Xi, Putin, and Kim to Unite at Beijing Military Parade in Symbolic Show of Defiance Against the West

A triptych-style collage featuring three separate vertical portraits of world leaders. On the left is Vladimir Putin in a dark suit with a patterned tie. In the center is Xi Jinping in a dark suit with a blue tie, standing behind a wooden podium. On the right is Kim Jong Un in a black suit, leaning forward at a podium. The images are separated by thin black borders.

On September 3rd, 2025, three of the most consequential and most scrutinized leaders in the world will stand together in Tiananmen Square.

Chinese President Xi Jinping will host Russian President Vladimir Putin and North Korean leader Kim Jong Un at a massive military parade in Beijing, marking the 80th anniversary of the end of World War II. Chinese state media has confirmed all three will appear on the same stage.

On the surface, it’s a commemoration.
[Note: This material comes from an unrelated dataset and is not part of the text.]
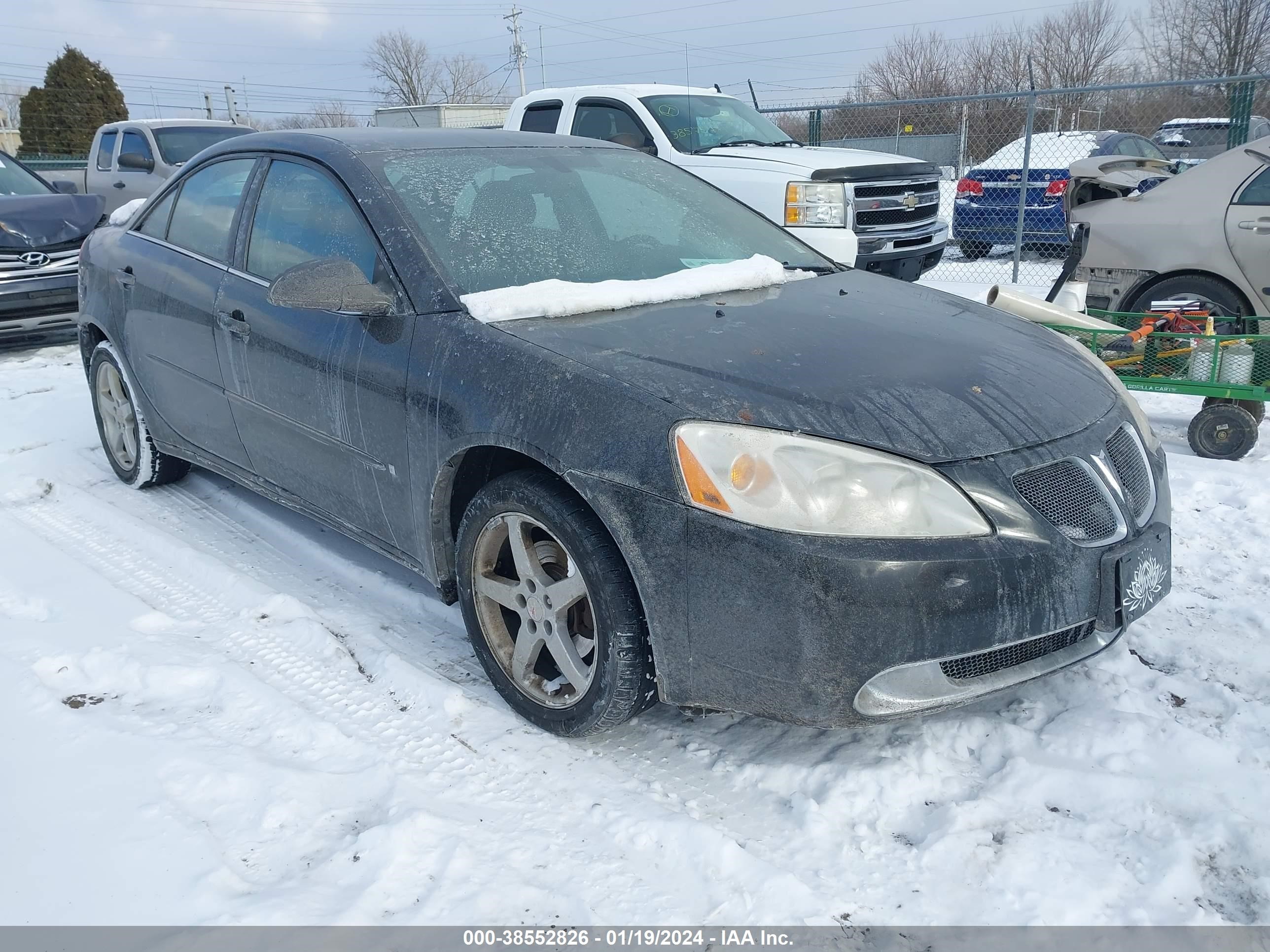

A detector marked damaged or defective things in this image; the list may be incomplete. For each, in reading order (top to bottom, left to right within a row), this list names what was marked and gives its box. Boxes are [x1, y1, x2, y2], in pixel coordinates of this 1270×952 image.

In reality, analysts say, it’s something far more deliberate.


This Isn’t Just a Parade, It’s a Statement

The choreography of this event is not accidental.

Bringing Xi, Putin, and Kim together in one of the world’s most symbolically loaded public spaces the same square where China has historically staged its most powerful shows of military strength is a carefully constructed political signal. Each leader is there by choice, and the image they will project together is exactly the one Beijing intends.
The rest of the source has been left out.